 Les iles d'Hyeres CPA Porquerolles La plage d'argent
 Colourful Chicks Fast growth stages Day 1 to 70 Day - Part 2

* * *

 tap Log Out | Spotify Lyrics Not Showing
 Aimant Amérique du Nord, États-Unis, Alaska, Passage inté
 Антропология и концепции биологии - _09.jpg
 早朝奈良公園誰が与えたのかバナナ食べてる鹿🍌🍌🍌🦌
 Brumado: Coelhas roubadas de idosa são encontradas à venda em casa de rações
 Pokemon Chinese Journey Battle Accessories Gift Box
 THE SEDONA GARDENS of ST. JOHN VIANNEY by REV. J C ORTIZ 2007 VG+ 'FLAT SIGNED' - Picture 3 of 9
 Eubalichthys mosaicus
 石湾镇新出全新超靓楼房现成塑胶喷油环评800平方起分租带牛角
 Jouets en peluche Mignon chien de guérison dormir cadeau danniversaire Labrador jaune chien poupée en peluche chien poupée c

• **PROBLEM DETAILS**: For this exercise, please output exactly the lines above starting at the line with "Антропология и концепции биологии - _09.jpg" and ending at the line with "Jouets en peluche", ends included.

• **REPLY**:
 Антропология и концепции биологии - _09.jpg
 早朝奈良公園誰が与えたのかバナナ食べてる鹿🍌🍌🍌🦌
 Brumado: Coelhas roubadas de idosa são encontradas à venda em casa de rações
 Pokemon Chinese Journey Battle Accessories Gift Box
 THE SEDONA GARDENS of ST. JOHN VIANNEY by REV. J C ORTIZ 2007 VG+ 'FLAT SIGNED' - Picture 3 of 9
 Eubalichthys mosaicus
 石湾镇新出全新超靓楼房现成塑胶喷油环评800平方起分租带牛角
 Jouets en peluche Mignon chien de guérison dormir cadeau danniversaire Labrador jaune chien poupée en peluche chien poupée c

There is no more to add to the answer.